16 hours ago, wumpus said:

Do you need the exact angle (NASA would) or simply towards or away (like Jebediah Kerman)?  In KSP we go away from the Sun (burn when your ship is closest to the Kerbol) and towards the Sun (burn when you are furthest for Kerbol) to Eve.  I think we have to just eyeball anything more accurate, but there might be a mod to help you.

Flight path angle appears to be exactly what is on your Navball.  You might have to be more clear if you mean outside the atmosphere or not (it doesn't seem to have any meaning in orbit).

I'd like the exact angle, but I think that's just impossible in KSP.

 

9 hours ago, FleshJeb said:

I applaud your efforts to do it with math. I do it the lazy way with MechJeb. :)

I'm assuming you have your phase and ejection angles calc'd, but you can verify them with this: http://ksp.olex.biz/ The link to the tutorial is broken on that page, here is the correct link: http://forum.kerbalspaceprogram.com/index.php?/topic/16413-tutorial-interplanetary-how-to-guide/

Many people used to press a physical protractor to the screen in map view. You could still do that.

 

Alternate method that I've not seen used: Get your transfer craft LKO. Calculate your orbital period. Calc the time it will take for your craft to get from noon to your ejection angle. Have a sundial made with an antenna on the craft. When the antenna shadow disappears, you're at local noon. Set your transfer node ahead of yourself at the ejection angle time.

Also: The Protractor mod was just recompiled by Z-Key: http://forum.kerbalspaceprogram.com/index.php?/topic/75115-10x-protractor-continued-rendezvous-plugin-v251-may-15th-2015/&page=5

 

Thank you for the links!! I think the on-screen protractor is the best option (not very accurate, but still the most precise way).

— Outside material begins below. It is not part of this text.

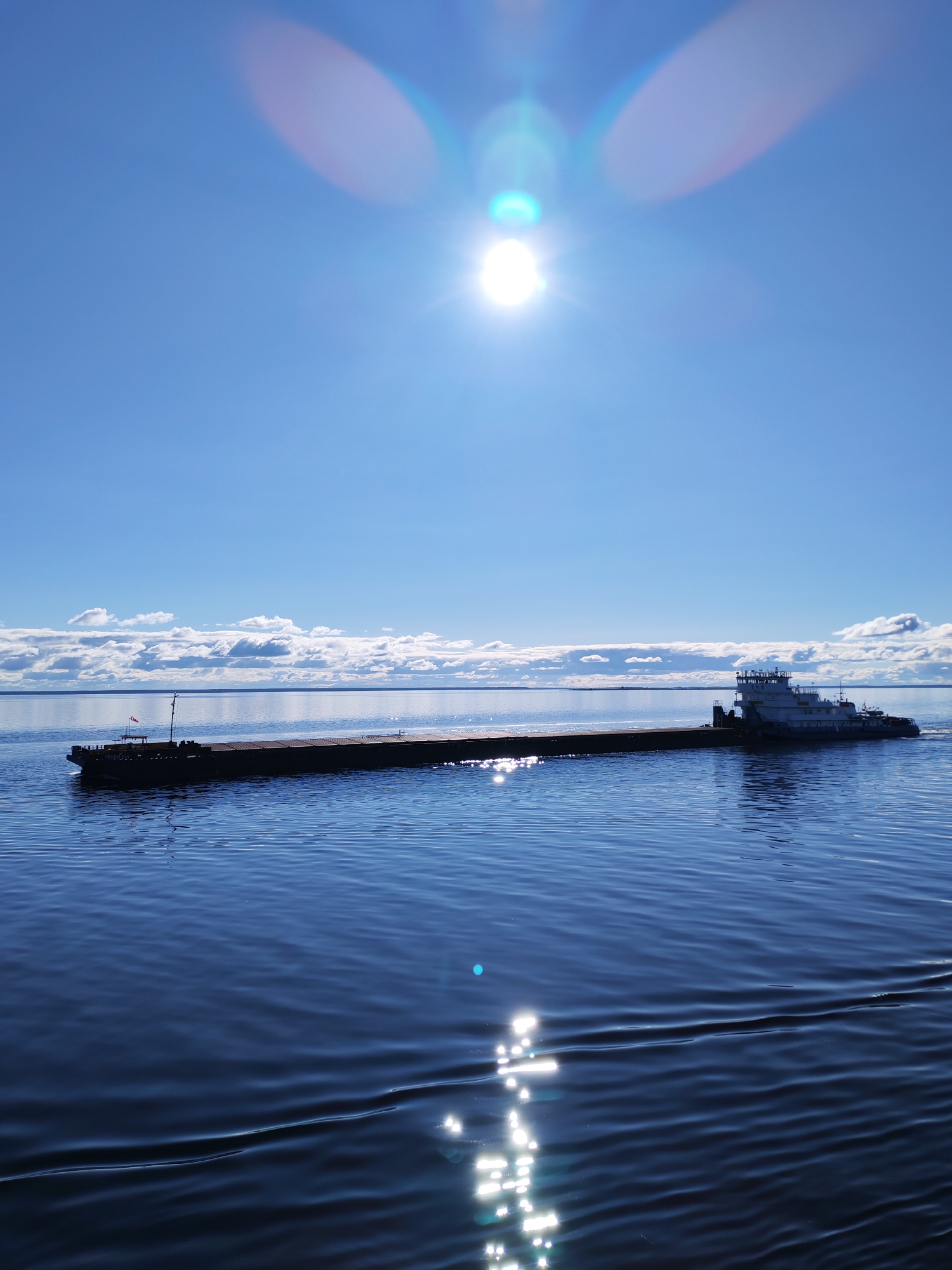 A tugboat and a long barge are traveling on a body of water under a bright, sunny sky. The water is reflecting the sunlight. There is a low-lying land mass or shoreline in the distance with clouds above it. The location is not specified in the image.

7 hours ago, Geschosskopf said:

That is quite true.  KSP has an appalling lack of basic instrumentation given its subject matter.  But it's a game, not a simulation, with many, many simplifying assumptions glossing over the hard parts of rocket science.  It's intended to give you a general idea of how spaceflight works without you having to sweat the details.  Seriously, the stock game gives the player less information about his ship than a WW1 airplane gave its pilot, which is quite silly when you think about it.  But that silliness is sort of canon, with not-so-bright Kerbals doing crazy things by the seats of their pants, "MOAR boosters!", etc.  There are mods that can give you a lot more info, of course, but they can only go so far because KSP is much simpler than real life.

So, you basically have a choice.  You can accept KSP for what it is and live with its way of doing things (whether you mod it or not, you still hit its limitations), or you can play something else that set out to be a hard-core space simulation from the get-go instead of a game, such as Orbiter.  In such a game, you can immerse yourself in all the real-life math to your heart's content.  I myself played Orbiter for many years prior to discovering KSP but I found it more educational than entertaining.  And that education was depressing, convincing me we'll never get off this rock in meaningful way.  So when I found KSP, I kicked Orbiter to the curb because in KSP, I really can fulfill my space-related dreams, plus do all sorts of crazy stuff for laughs.

Yes, I know KSP is a game, but it has a lot of potential. kOS is very useful to know data that no mod could provide, but I still don't know how to find out many values, like geocentric inertial coordinates. I know that information is in the game (because the game displays the argument of ascending node) but still I don't know how to get to it. (Maybe I'm a bit obsessed, but for me it's really fun to calculate trajectories :D ).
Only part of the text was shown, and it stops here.